Much of the law is based in philosophy. Meta-ethics is one such branch of philosophy that attempts to understand the underlying assumptions behind the moral theories that influence law. In other words, it tries to find out what we mean when we use words like “good” and “bad”, “right” and “wrong”. Some believe that there is an objective good, while others believe that good is subjective. These two main schools of thought are labelled cognitivism and non-cognitivism. Deeply rooted in philosophy, the law seeks to advocate for what is “good” and “right”.
Cognitivists believe that there is a universal moral truth and that we know and are capable of discovering these moral truths. Moore, an intuitionist philosopher, claims that moral truth is a gut instinct: we recognise what is morally good in the same manner that we can recognise that the colour yellow is yellow. We do not have a reason for recognising the colour, it simply is yellow. Goodness is felt automatically, and we do not need to rationalise why something is good as we know it intuitively. However, whether something is good or bad is not always so clear. One has to take into account a multitude of different factors such as the circumstances in which the action was carried out. For instance, someone might tell a white lie and in this case it would be unclear if they had committed a morally wrong action or not. It is not as simple as Moore claims to just ‘know’ what is right and what is wrong.
Moral realism, reasons that there is a connection between facts and values as we can provide factual reasons for our moral claims. Therefore, a moral claim is also a factual claim. For example, someone might say “being vegetarian is good” and their reason for believing this is because they are concerned about animal welfare. Being concerned for animal welfare is a factual reason that they can use to justify why they think being a vegetarian is good. Thus, their moral claim that “being a vegetarian is good” is also a factual claim.
Another cognitivist theory is that of cultural relativism. However unlike the aforementioned theories, it does not concede to the idea of a universal moral truth. Cultural relativists argue that there is no singular true morality because there are significant differences in values across cultures, instead moral facts are relative to the culture they are developed in. For instance, in most Asian societies, great value is placed on interdependence between people. Identities are tied to social roles and relationships which can be seen by how last names precede first names in East Asian countries. While this is the case in Asia, in Western societies, value is placed on the individual and identities independent of social roles and relationships. While both societies may value both interdependence and independence, they prioritise one over the other. Cultural relativists also assert that someone outside of a culture cannot critique or criticise the values and moralities within that culture. This is practical in defending a culture’s rights and ensuring equality. For example, a cultural relativist will affirm that the French government had no right in banning hijabs in French public schools. However, one can critique cultural relativism by pointing out a major loophole. If no one is allowed to critique a culture’s moral norms, we easily fall down the rabbit hole of permitting everything and anything, even outrageous violations of human rights such as honour killings.
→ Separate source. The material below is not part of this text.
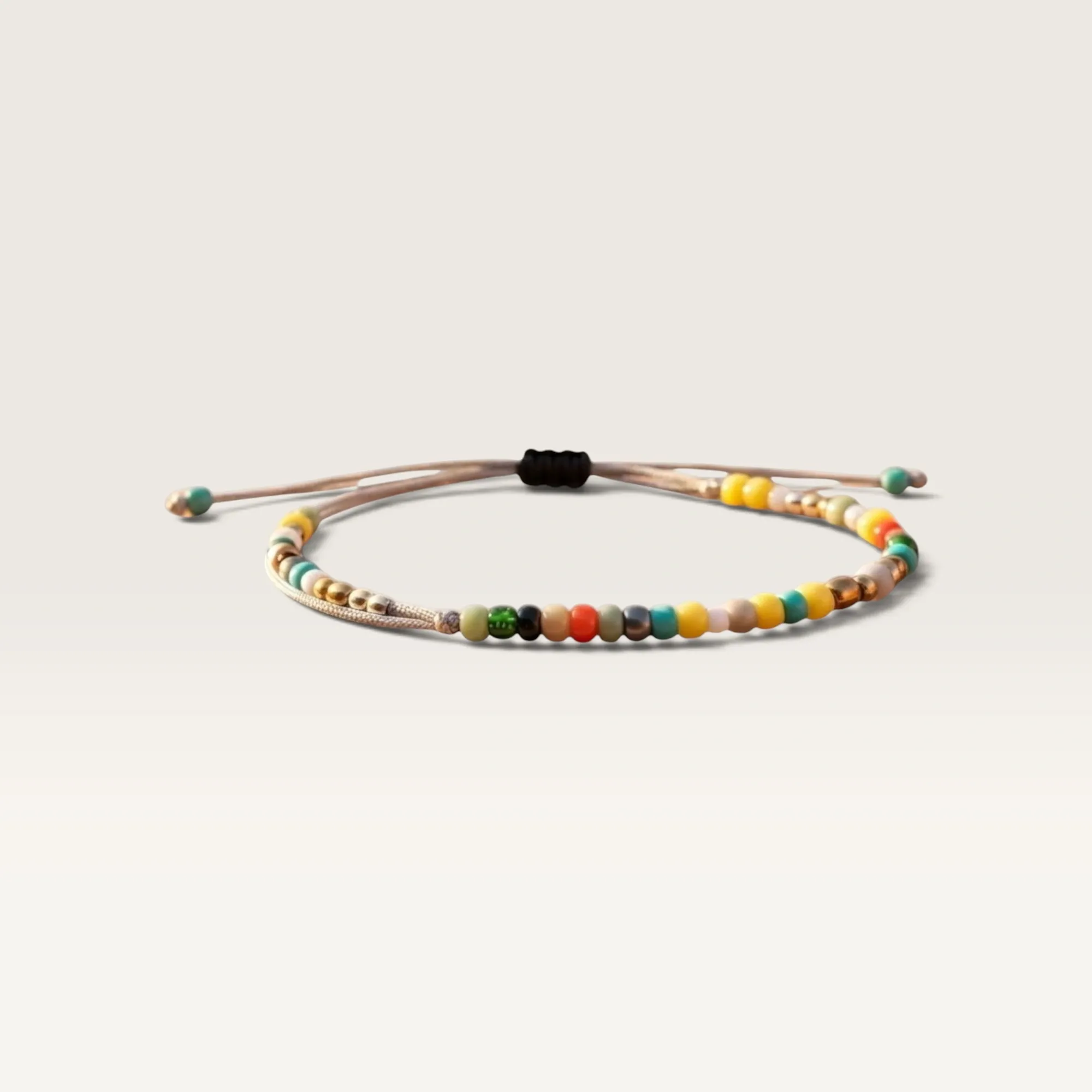 Beige Cord Bracelet with Multicolor Bead Row Handmade and Adjustable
Non-cognitivists believe that there is no universal moral truth. Logical positivism remarks that moral statements are mere opinions or emotions. Moral claims are not universal or factual and cannot apply to others. Take, for example, someone who has just seen a news report about a mass shooting. They will most likely think that the shooter should be jailed because they are a bad person. While they are using moral language, saying that the shooter had committed a morally wrong action, what they are actually doing is expressing disapproval of the shooter. For a less extreme example, say someone declares “lying is wrong!” Logical positivists will maintain what they are truly exhibiting is disapproval for lying and approval for honesty.
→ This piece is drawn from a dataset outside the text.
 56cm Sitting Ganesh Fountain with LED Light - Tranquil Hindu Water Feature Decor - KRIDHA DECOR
Some of us may be cognitivists and others, non-cognitivists. This split emphasises the difficulty in declaring without a doubt what objective moral truths are, or whether they even exist.
Most people believe that the law upholds what is good and what is morally just, acting as an objective moral standard and keeping society in check. Yet, in the debate between cognitivism and non-cognitivism, the uncertainty of objective moral truths can imply that there is no singular correct definition of good. So what will this mean for our justice systems?
If the law enforces morals, subjective morality can lead to chaos: if we all have different ideas of what good means, how can our society operate in a way that benefits us all? To illustrate this, imagine a scenario in which a father has killed three innocent civilians because a kidnapper threatened to torture his daughter if he did not do so. Were his actions morally justified? If morality is subjective, there are arguments both to justify and to disprove of his action. The law can then either condemn or praise the man. If the law enforces morals, subjective morality will turn the justice system on end, resulting in an ineffective and useless judicial system.
Because of this dilemma, it is better to think of the law as an instrument that upholds the functions of morality.
There are two proposed functions of morality: interpersonal and intrapersonal. The interpersonal aspect of morality encourages good relations with others, while the intrapersonal aspect of morality helps us become a more virtuous person. These two aspects combined leads to us becoming constructive members of society. This in turn makes society harmonious, orderly, and peaceful and that is what the law ultimately aims to do.